Master different ‘voices’
Advertising copy is very different from magazine writing (and if you scan the hundreds of magazine titles, you’ll notice that their tone and slant are quite distinct). You can’t afford to be a one-trick pony. Learn how to write for different mediums and publications: brochures, community newsletters, websites, scripts, speeches, etc. Keep an idea file, with samples for each type, and study how the writer tackles the task. Accept as many writing jobs as you can—volunteer, if you have to—so your skills and portfolio become as diverse as the opportunities that are available.
Learn how to think like a client
Good writers can dissect a client’s request: what’s the communication goal? what’s the brand positioning?

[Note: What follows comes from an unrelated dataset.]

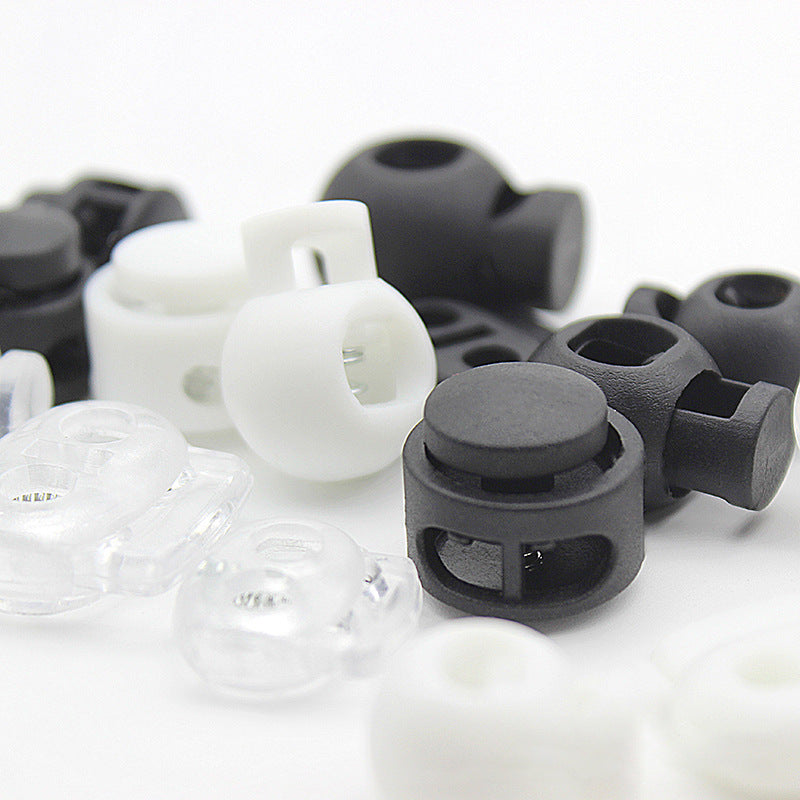 Kordelstopper-Mix: weiße und schwarze Kunststoff-Slider mit Federkern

What are the key messages? What format will best serve this goal? What are the guidelines (maximum number of words, etc). Since not all clients will be able to tell you what they want, you need to be able to ask the right questions—to avoid time-consuming rewrites, and frustrating a client who will dismiss you as incompetent because you ‘can’t seem to get it right.’
Simplify the job
We hate to say this, but freelance writing is all about production: accepting the most number of jobs, for the most amount of pay. You will end up burnt out and broke if you spend too much time on one project.
Over the years you will also create simple templates for particular writing jobs. Of course, you need to adjust them to your client’s needs—and do expect some editing along the way—but these templates can help you break through writer’s block and eliminate the guesswork of, ‘Hmm, how do I organize the material and my thoughts?’
Create an online portfolio. Keep all samples of your work, and scan them so you can email them at a moment’s notice. Collect testimonials from satisfied customers, and build a reputation for yourself. No m matter how annoying a client is, don’t burn bridges. Remember, happy customers become your best salespeople: they recommend you to other clients, or can serve as referrals.